[[ ENTRIES PROVIDED open ]]

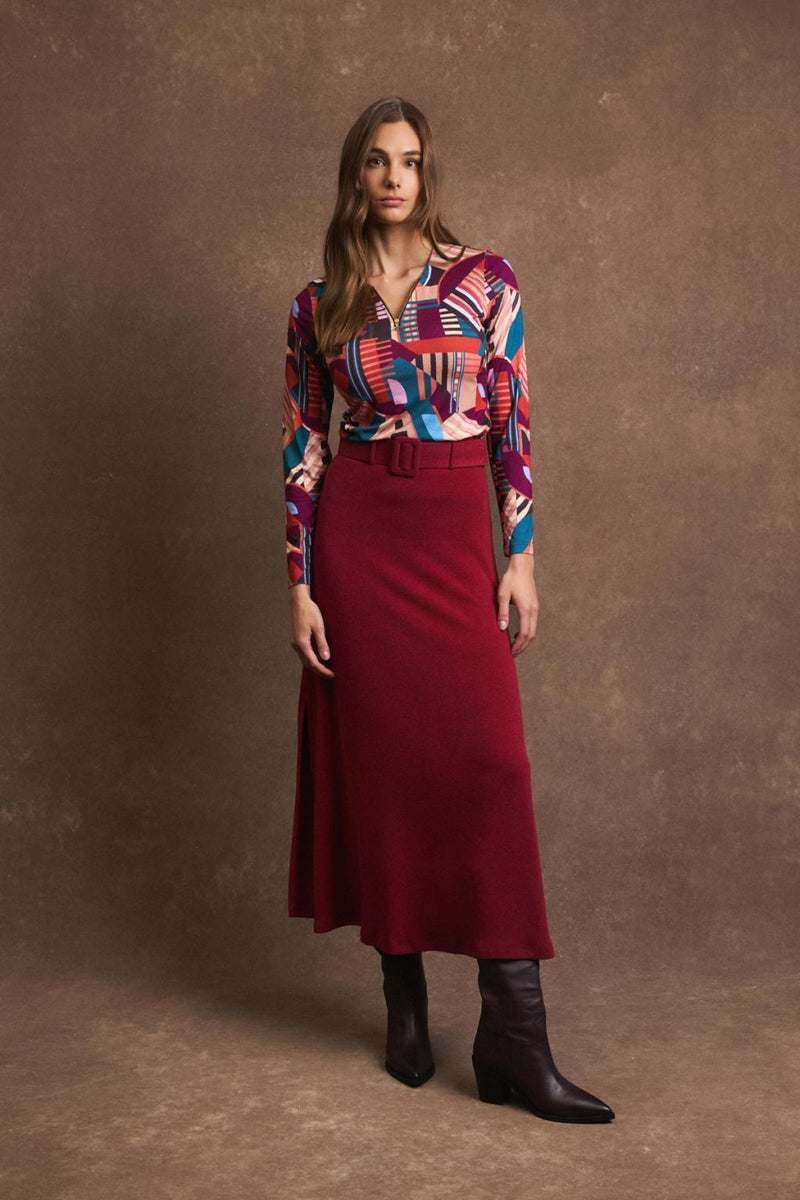 FALDA TINTA / WOMAN SKIRT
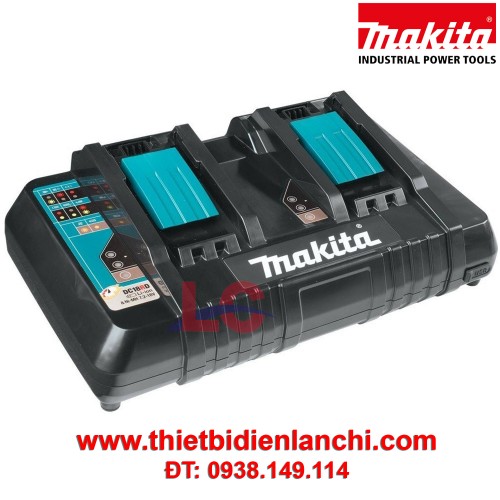 Đế sạc pin Li-Ion nhanh 2 cổng Makita DC18RD (196933-6)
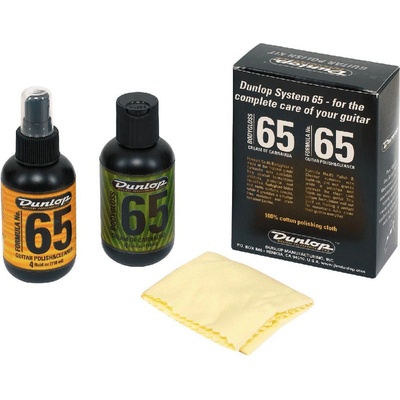 Dunlop 6501 Guitar Polish Kit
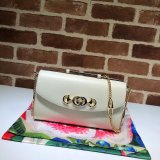 Top Quality Top Quality Gucci 572375 Zumi smooth leather small shoulder bag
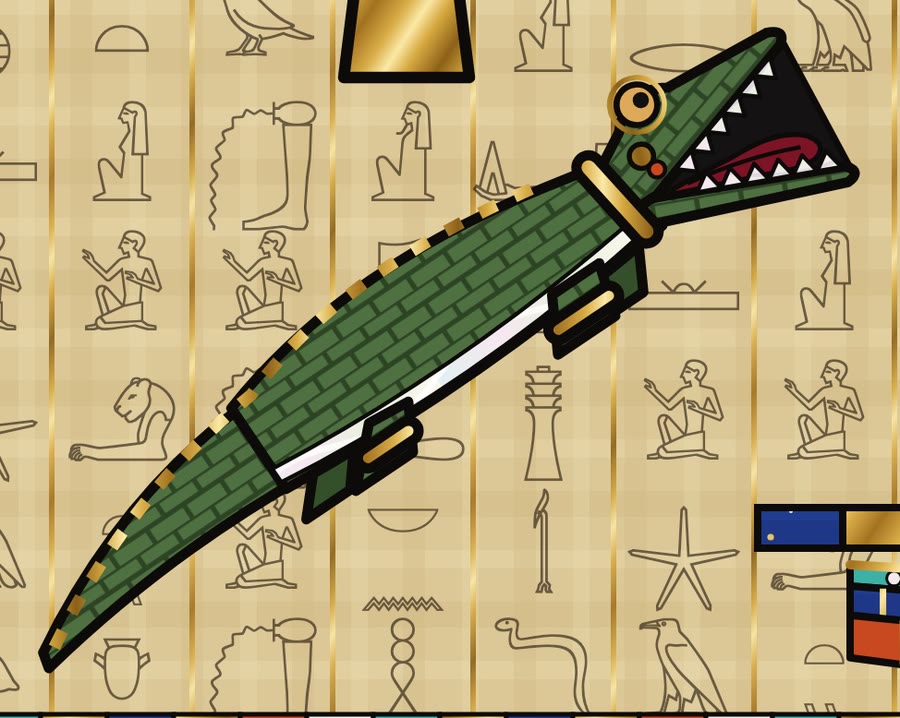 The crocodile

[[ ENTRIES PROVIDED closed ]]

* TASK INSTRUCTIONS: Write out again the lines from the one with "Đế sạc pin Li-Ion" through the end of the records exactly, without any of the pictures.

* EXERCISE SOLUTION:
 Đế sạc pin Li-Ion nhanh 2 cổng Makita DC18RD (196933-6)
 Dunlop 6501 Guitar Polish Kit
 Top Quality Top Quality Gucci 572375 Zumi smooth leather small shoulder bag
 The crocodile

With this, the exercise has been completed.